TASK REQUIREMENTS: Line by line, the data below should be set down unchanged, with images excluded.

SOURCE MATERIAL:
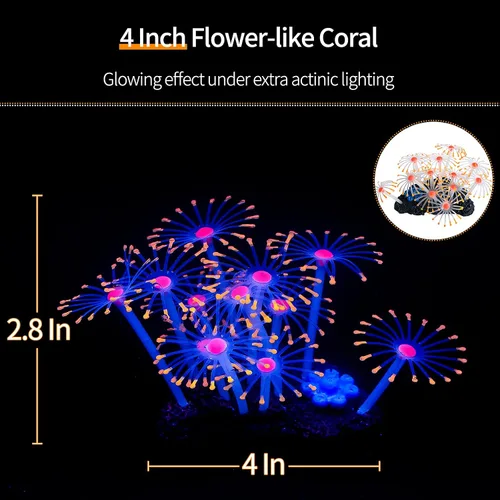 Miniatura 5 de Uniclife Paquete de 4 decoraciones para pecera, efecto brillante, decoración de acuario, pequeña medusa artificial de silicona, adorno de planta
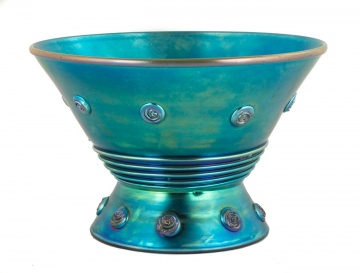 Steuben Blue Aurene Footed Bowl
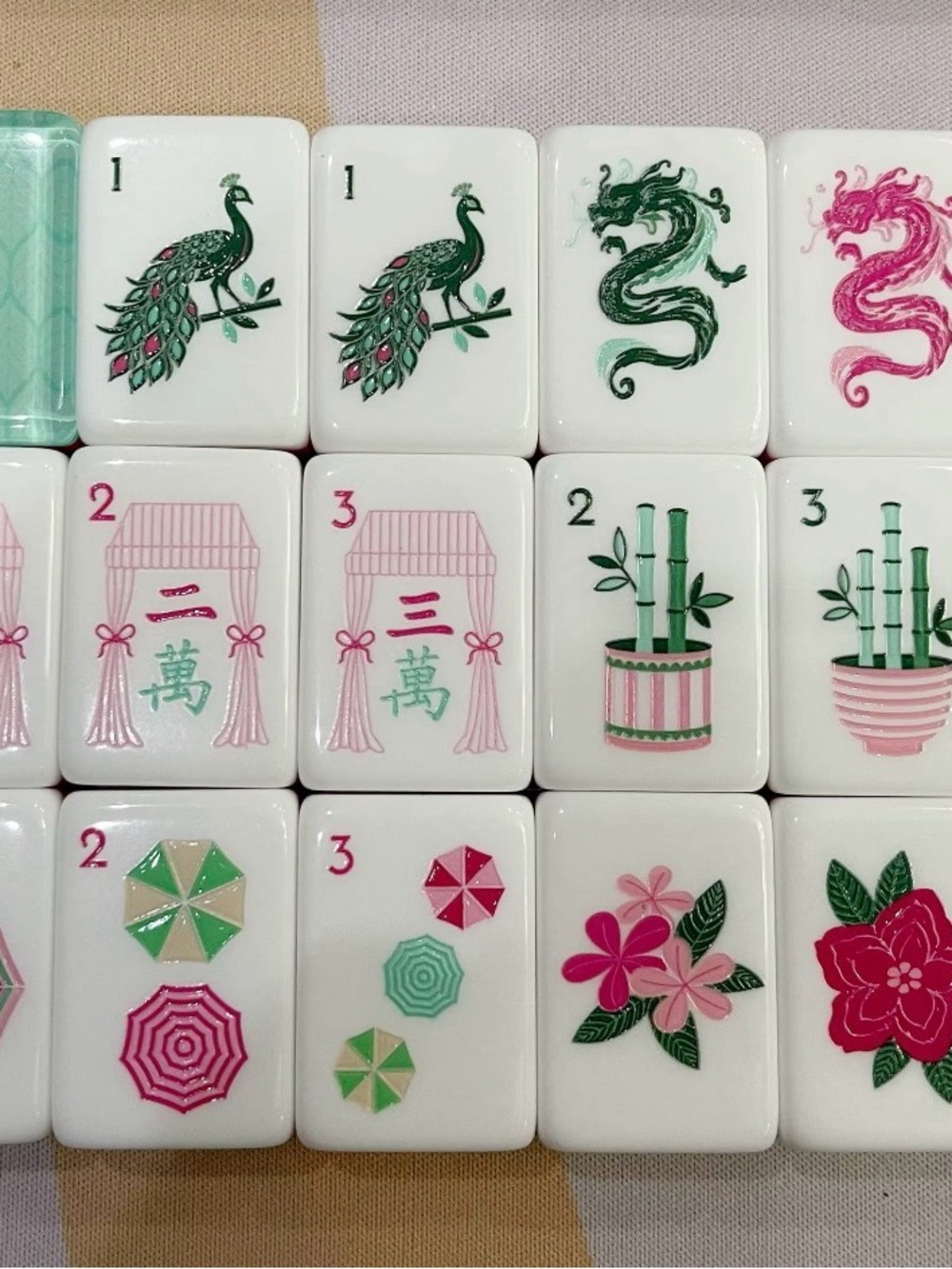 Mahjong Tile Set - Pink & Green Floral Bamboo Design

EXERCISE OUTPUT:
 Miniatura 5 de Uniclife Paquete de 4 decoraciones para pecera, efecto brillante, decoración de acuario, pequeña medusa artificial de silicona, adorno de planta
 Steuben Blue Aurene Footed Bowl
 Mahjong Tile Set - Pink & Green Floral Bamboo Design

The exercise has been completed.